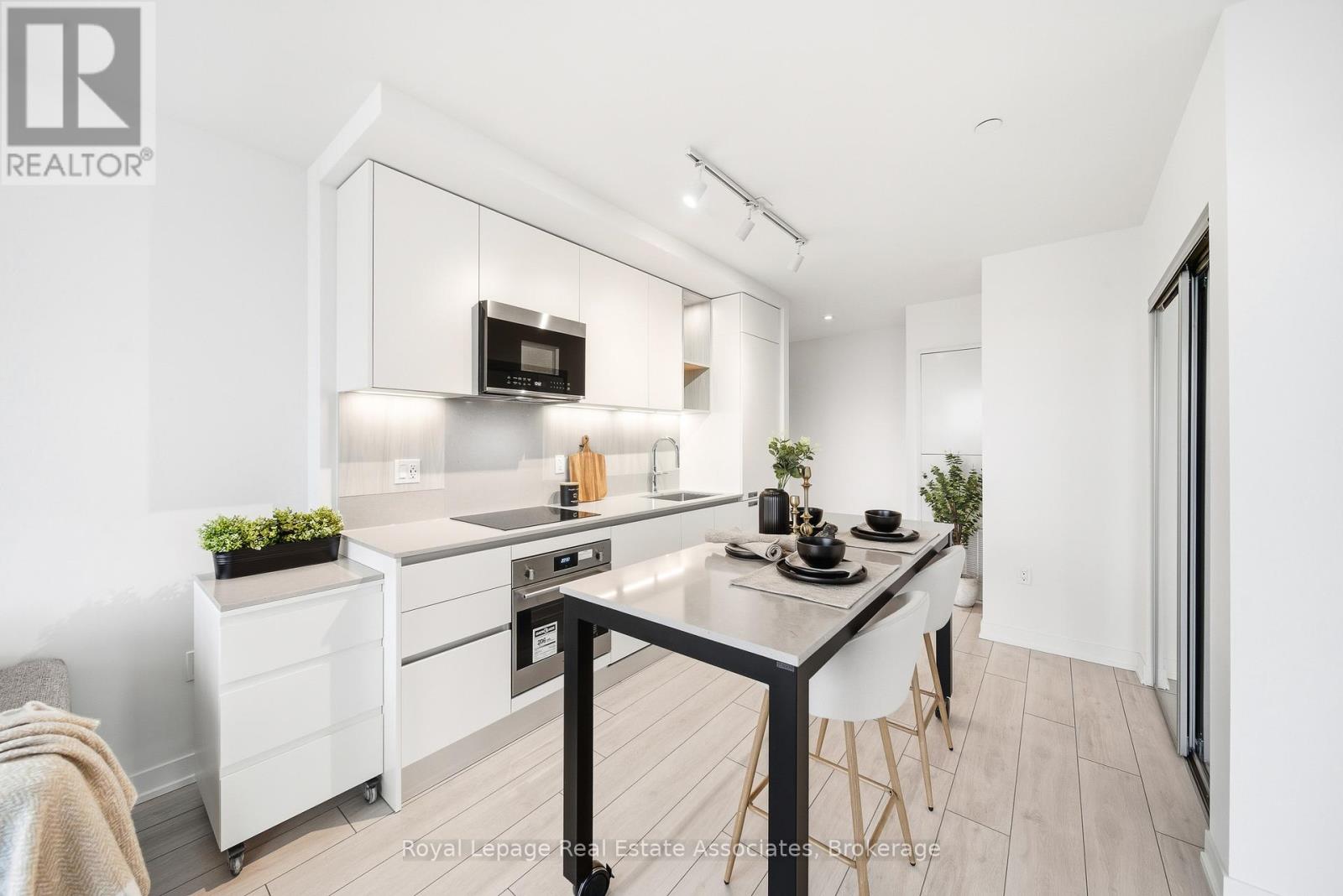 1005 - 39 Mary Street, Barrie, Ontario  L4N 1S9 - Photo 5 - S12585062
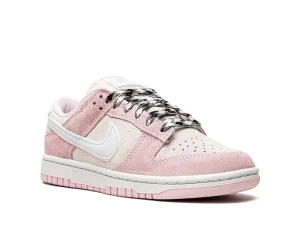 Nya Nike Dunk Low - Helt nya Nike Dunk Low. Strl 39 Rosa/vita  Strl 39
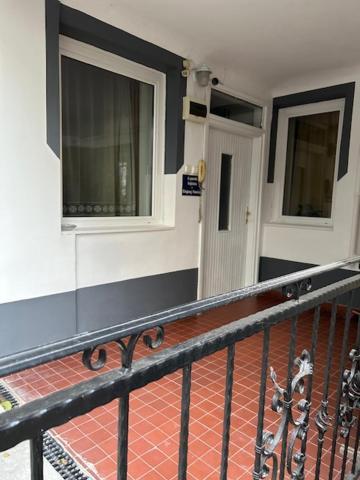 Corvin Panzio Bed & Breakfast เยอร์ ภายนอก รูปภาพ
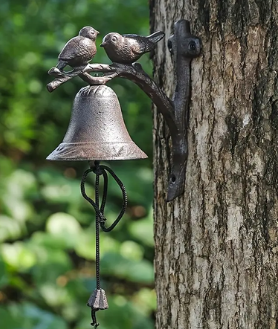Campana de hierro rama con pájaros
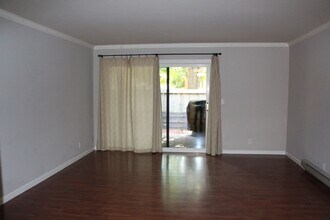 39090 Presidio Way in Fremont, CA - Foto de edificio - Building Photo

=-=-=-=-=

**Work instructions:**
What you return must match the records letter for letter, except that the pictures stay out.

**Solution to this task:**
 1005 - 39 Mary Street, Barrie, Ontario  L4N 1S9 - Photo 5 - S12585062
 Nya Nike Dunk Low - Helt nya Nike Dunk Low. Strl 39 Rosa/vita  Strl 39
 Corvin Panzio Bed & Breakfast เยอร์ ภายนอก รูปภาพ
Campana de hierro rama con pájaros
 39090 Presidio Way in Fremont, CA - Foto de edificio - Building Photo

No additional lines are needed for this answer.